#### [Task]
Below are records to repeat exactly. Omit the pictures from the copy.

Scraped caption text data:
-- Opening Marker --
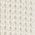 Color Swatch - White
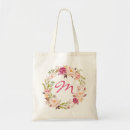Recherche de fleur messenger sacs Bride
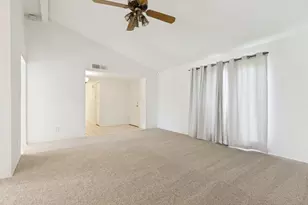 2906 Western Dr, Garland, TX 75042 - Photo 21
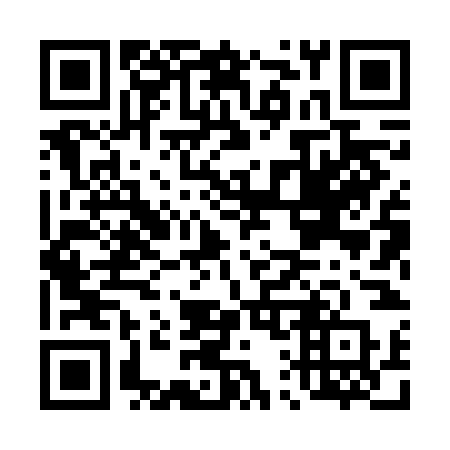 QR code for D18 6NP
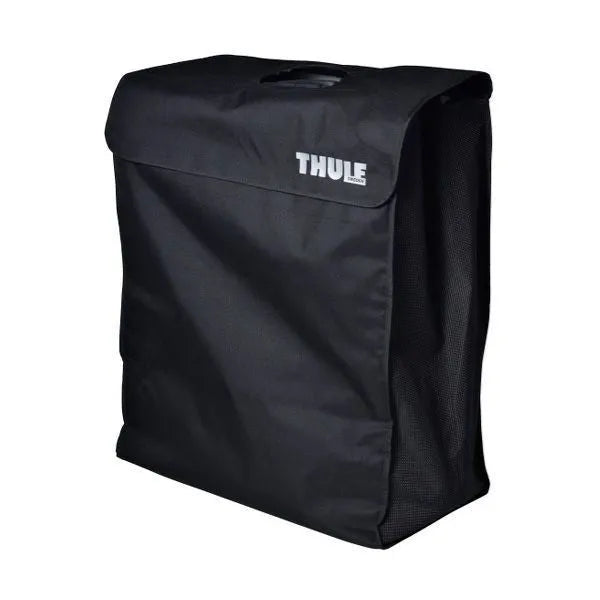 Thule EasyFold XT Carrying Bag 2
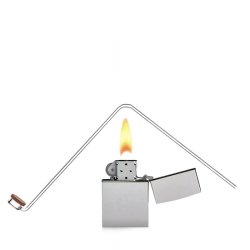 NEO CO2 Akryl Diffuser Extended Special - L 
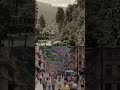 Shimla Then vs Now (1900s–2025) | The India Story | Hill Town Became Overcrowded | शिमला तब और अब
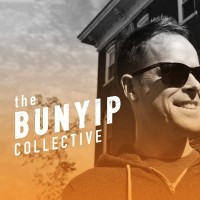 The Bunyip Collective LLC logo, The Bunyip Collective LLC contact details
-- Closing Marker --
#### [Output below]
 Color Swatch - White
Recherche de fleur messenger sacs Bride
 2906 Western Dr, Garland, TX 75042 - Photo 21
 QR code for D18 6NP
 Thule EasyFold XT Carrying Bag 2
 NEO CO2 Akryl Diffuser Extended Special - L 
 Shimla Then vs Now (1900s–2025) | The India Story | Hill Town Became Overcrowded | शिमला तब और अब
 The Bunyip Collective LLC logo, The Bunyip Collective LLC contact details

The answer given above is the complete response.